Starting a second career isn't easy. And it's even harder for military veterans who have to balance learning new skills and mailing out résumés with the challenges of returning to civilian life, particularly for combat vets like St. Catharines, Ontario, native Steve Krsnik.

An 11-year veteran of the Canadian Army, Master Cpl. Krsnik decided he wanted to spend more time with his new family.

"I was a stay-at-home dad for a while," he said. It was a big change for the 32-year-old Krsnik, who spent his entire adult life in the armed forces, including 18 months with the Princess Patricia Light Infantry in Afghanistan.

His first post-military job was a year-long stint working as a nonunion heavy equipment operator in Alberta. But he didn't like the way the company treated its workers, citing a lack of respect from the boss. So he looked for a career change.

Modeled after the program in the United States, Helmets to Hardhats is a partnership between the building trades and employers offering apprenticeship opportunities for members of the Canadian military.
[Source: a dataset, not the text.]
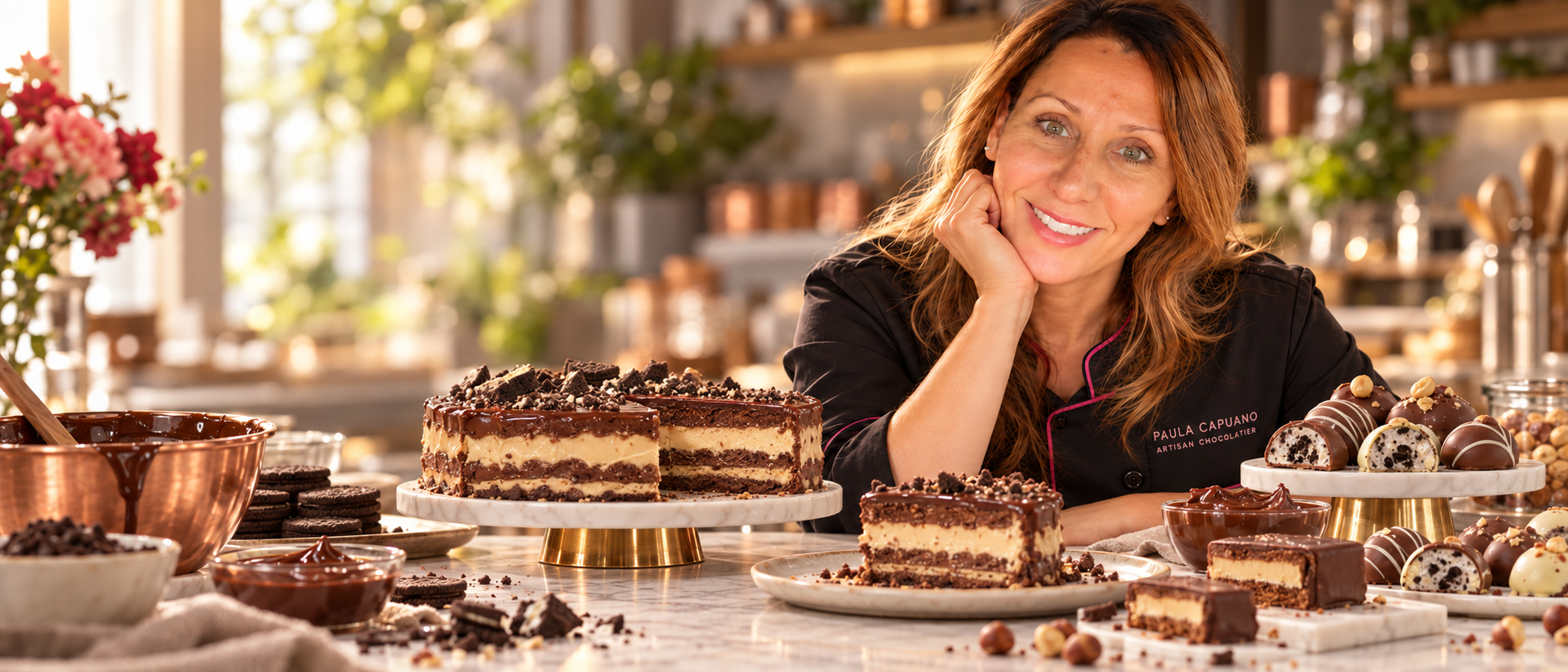 Paula Capuano en su cocina junto a tortas de chocolate y bombones artesanales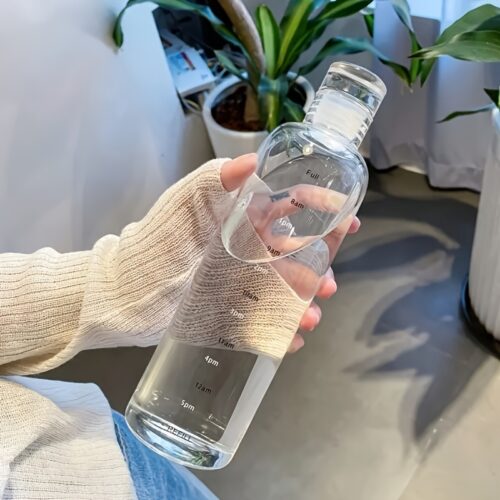 FANTIA Large Capacity Leakproof PC Water Bottle with Time Markings, Drop-Resistant Shatterproof Bottle Suitable for Gym,, Travel, Hydration Tracking & Time Management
Launched in 2011, it has also been endorsed by provincial and federal officials who have provided $500,000 in donations. Energy giant TransCanada Corp. also kicked in $1 million.

"Our veterans do so much for us, and from a business standpoint, these are the most skilled workers you can find," TransCanada Corp. Chief Executive Russ Girling said at the program's kick-off event in 2012. "They're skilled, they're disciplined, and we need those workers."

The program comes at the right time for veterans. Canada began winding down its decade-long presence in Afghanistan in 2011, bringing to an end the nation's largest military operation since World War II. More than 39,000 Canadians served in NATO's campaign against the Taliban.

"A lot of guys feel like they've done what they had to do and are looking for new challenges," Krsnik said.

Through Helmets to Hardhats, he was introduced to Hamilton Local 105 Business Manager Lorne Newick, who encouraged Krsnik to apply for an apprenticeship spot.

"Steve came with some pretty good knowledge of operating equipment," Newick said. "I was also impressed with his very positive attitude and his ambition to become an electrician."

Today, Krsnik is a first-year apprentice. "Benefits are great," he said. "And that's a big factor for a lot of my friends who are getting out of the army. They have families to take care of."

Also attractive is the sense of brotherhood he gets from being a member of the IBEW, which reminds him of the camaraderie he experienced in the military. "IBEW members stick by each other and that is really appealing," he said.

In its first 16 months, Helmets to Hardhats has registered more than 1,500 potential applicants and has placed more than 100 into apprenticeship programs in more than a dozen unions.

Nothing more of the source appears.